Earlier today my mother starts with what I used to say she “used too many words”… but the more articulate self in the last couple of years rephrased it as “too much dialogue”.
The example?
Earlier she told me that she moved my stuff out of my former cabinet in the kitchen. Ok Capitan Obvious, isn’t that common sense, on Christmas I inherited my gram’s ol pantry. I moved virtually everything except a few straggler items of food to move over to the pantry/hutch. The words she used was “I am moving some stuff in the cabinet so we can have more space”
Then she had to explain the obvious even more in a “just”-fication like “I’m just communicating”. I don’t know if its a male validation, or submission or she likes to be a human console logger, but every little message or wire pings so to speak, without self editorial control is really anxiety ridden.

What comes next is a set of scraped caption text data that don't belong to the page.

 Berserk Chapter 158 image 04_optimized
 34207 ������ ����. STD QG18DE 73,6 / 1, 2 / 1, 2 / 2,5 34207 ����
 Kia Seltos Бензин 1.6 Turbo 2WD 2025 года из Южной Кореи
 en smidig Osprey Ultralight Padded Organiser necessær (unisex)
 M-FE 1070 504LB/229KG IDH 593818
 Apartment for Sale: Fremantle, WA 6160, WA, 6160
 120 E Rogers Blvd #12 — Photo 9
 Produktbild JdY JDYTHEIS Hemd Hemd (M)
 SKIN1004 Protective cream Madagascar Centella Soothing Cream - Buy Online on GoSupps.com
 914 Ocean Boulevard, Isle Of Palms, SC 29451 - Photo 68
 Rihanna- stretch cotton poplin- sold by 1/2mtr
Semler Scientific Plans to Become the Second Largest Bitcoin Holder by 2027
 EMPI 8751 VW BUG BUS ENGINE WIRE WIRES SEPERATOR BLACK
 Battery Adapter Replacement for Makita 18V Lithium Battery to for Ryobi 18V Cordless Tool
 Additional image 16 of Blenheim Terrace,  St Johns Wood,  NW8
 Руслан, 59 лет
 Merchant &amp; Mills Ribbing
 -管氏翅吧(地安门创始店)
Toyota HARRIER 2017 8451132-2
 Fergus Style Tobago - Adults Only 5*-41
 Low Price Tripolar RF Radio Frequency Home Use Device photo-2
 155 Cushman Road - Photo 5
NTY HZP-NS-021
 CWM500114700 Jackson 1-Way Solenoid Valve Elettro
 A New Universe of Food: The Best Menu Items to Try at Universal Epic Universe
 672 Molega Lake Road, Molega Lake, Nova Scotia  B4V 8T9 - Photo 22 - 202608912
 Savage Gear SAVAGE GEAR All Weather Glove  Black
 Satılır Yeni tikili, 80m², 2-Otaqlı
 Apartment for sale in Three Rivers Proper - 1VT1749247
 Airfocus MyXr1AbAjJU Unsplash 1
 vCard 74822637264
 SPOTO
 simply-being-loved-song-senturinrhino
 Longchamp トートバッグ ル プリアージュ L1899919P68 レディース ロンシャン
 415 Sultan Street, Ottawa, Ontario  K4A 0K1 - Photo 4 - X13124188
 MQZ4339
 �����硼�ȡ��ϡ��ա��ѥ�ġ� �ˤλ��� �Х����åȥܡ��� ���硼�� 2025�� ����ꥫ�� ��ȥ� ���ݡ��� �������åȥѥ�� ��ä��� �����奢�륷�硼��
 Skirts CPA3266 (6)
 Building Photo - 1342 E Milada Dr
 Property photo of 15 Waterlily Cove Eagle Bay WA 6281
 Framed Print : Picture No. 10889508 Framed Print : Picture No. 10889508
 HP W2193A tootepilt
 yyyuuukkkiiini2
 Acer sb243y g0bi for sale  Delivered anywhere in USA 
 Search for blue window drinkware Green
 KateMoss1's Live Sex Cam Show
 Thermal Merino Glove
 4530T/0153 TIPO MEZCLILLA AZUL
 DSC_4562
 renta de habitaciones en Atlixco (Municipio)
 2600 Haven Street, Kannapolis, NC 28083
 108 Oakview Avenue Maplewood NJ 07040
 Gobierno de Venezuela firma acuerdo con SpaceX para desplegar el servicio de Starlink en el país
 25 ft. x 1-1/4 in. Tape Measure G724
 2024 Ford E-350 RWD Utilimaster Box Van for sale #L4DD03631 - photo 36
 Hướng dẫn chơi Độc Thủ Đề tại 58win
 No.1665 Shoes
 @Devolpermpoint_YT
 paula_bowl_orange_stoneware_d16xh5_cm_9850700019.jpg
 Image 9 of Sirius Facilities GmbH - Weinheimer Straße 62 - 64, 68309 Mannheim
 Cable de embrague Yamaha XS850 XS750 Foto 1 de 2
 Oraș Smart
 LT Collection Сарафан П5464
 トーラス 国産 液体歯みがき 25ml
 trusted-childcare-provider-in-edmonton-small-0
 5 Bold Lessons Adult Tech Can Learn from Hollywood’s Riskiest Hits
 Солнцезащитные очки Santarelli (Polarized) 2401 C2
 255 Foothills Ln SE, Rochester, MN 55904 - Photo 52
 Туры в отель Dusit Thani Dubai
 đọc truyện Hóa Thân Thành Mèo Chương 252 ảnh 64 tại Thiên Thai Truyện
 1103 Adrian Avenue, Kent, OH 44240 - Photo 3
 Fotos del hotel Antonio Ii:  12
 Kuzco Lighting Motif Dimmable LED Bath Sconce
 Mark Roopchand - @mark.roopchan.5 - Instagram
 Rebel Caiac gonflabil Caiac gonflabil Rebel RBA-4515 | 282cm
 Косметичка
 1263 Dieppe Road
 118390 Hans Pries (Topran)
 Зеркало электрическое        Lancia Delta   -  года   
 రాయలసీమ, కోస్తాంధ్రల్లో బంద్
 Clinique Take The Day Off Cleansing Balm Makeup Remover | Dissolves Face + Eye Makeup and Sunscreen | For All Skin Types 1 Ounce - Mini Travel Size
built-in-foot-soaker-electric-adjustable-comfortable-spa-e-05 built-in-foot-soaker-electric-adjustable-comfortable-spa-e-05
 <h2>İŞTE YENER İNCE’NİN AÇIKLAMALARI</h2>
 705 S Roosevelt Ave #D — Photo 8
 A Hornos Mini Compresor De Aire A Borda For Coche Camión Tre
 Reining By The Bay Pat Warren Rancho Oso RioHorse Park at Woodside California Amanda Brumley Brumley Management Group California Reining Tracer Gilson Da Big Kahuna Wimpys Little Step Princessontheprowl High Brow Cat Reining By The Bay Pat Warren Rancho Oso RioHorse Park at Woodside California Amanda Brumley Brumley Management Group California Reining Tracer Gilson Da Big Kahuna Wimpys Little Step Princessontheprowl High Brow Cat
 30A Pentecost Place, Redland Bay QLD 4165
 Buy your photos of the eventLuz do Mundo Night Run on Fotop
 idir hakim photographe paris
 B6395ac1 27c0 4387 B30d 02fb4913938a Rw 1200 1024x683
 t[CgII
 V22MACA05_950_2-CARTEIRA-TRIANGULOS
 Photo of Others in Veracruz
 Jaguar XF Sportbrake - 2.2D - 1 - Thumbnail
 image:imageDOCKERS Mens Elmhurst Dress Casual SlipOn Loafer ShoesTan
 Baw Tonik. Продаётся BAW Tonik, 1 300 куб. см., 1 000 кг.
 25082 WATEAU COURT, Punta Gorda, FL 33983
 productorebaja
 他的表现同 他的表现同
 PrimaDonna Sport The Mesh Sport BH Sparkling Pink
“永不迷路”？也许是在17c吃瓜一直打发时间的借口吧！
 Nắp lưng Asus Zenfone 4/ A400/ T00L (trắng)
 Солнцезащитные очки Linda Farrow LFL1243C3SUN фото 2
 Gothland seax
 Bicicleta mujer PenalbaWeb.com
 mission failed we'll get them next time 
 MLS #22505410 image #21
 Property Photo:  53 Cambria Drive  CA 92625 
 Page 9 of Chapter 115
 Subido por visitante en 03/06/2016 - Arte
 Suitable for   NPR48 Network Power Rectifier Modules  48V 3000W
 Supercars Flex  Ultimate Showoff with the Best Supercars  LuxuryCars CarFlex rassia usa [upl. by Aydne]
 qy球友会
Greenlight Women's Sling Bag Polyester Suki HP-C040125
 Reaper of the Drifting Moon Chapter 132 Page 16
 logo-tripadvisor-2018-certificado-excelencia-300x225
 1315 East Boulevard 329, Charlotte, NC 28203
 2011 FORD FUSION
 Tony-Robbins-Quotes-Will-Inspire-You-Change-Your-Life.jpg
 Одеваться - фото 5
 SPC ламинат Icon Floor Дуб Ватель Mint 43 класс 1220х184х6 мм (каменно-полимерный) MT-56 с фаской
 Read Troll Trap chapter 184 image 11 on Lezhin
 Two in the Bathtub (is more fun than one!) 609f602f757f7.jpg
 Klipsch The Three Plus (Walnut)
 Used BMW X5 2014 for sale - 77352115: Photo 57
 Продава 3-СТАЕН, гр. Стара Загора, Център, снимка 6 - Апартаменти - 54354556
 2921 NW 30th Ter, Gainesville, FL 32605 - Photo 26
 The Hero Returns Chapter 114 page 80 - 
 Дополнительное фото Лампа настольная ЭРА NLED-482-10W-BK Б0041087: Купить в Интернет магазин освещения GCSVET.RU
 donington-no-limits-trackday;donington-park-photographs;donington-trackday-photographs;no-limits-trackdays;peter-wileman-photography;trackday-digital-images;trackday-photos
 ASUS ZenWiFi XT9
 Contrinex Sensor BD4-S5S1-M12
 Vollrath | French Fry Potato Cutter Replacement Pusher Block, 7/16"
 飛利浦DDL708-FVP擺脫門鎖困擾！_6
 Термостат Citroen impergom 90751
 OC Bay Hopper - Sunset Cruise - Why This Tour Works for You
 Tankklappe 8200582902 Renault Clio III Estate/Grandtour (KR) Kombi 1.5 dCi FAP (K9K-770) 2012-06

The other offending line was my mother had then told me to check the food because some have expired. “Copy that” – is a phrase i am using more like a dispatcher to have full-stop responses so she doesn’t have to keep painting a picture.
Now I am not Rolo Tomasi or Aaron Clarey or some other Red piller type. My mothers constant explicit dialogue, known as corrosive control, or learned dependence, how am I supposed to observe my surroundings if I am constantly being reminded of things that are for most people are obvious? Mix in the blurred boundaries, and whose responsibilities are at whatever time of day, no wonder why I am confused.
For all the years my mother lectured about discrete communication, ironically this is one of the many infuriating moments of dealing with a menopausal mother who had me too early.
At this point, having a Young Cute and Sexy type would probably be as the same as my mother. I am so hopeless.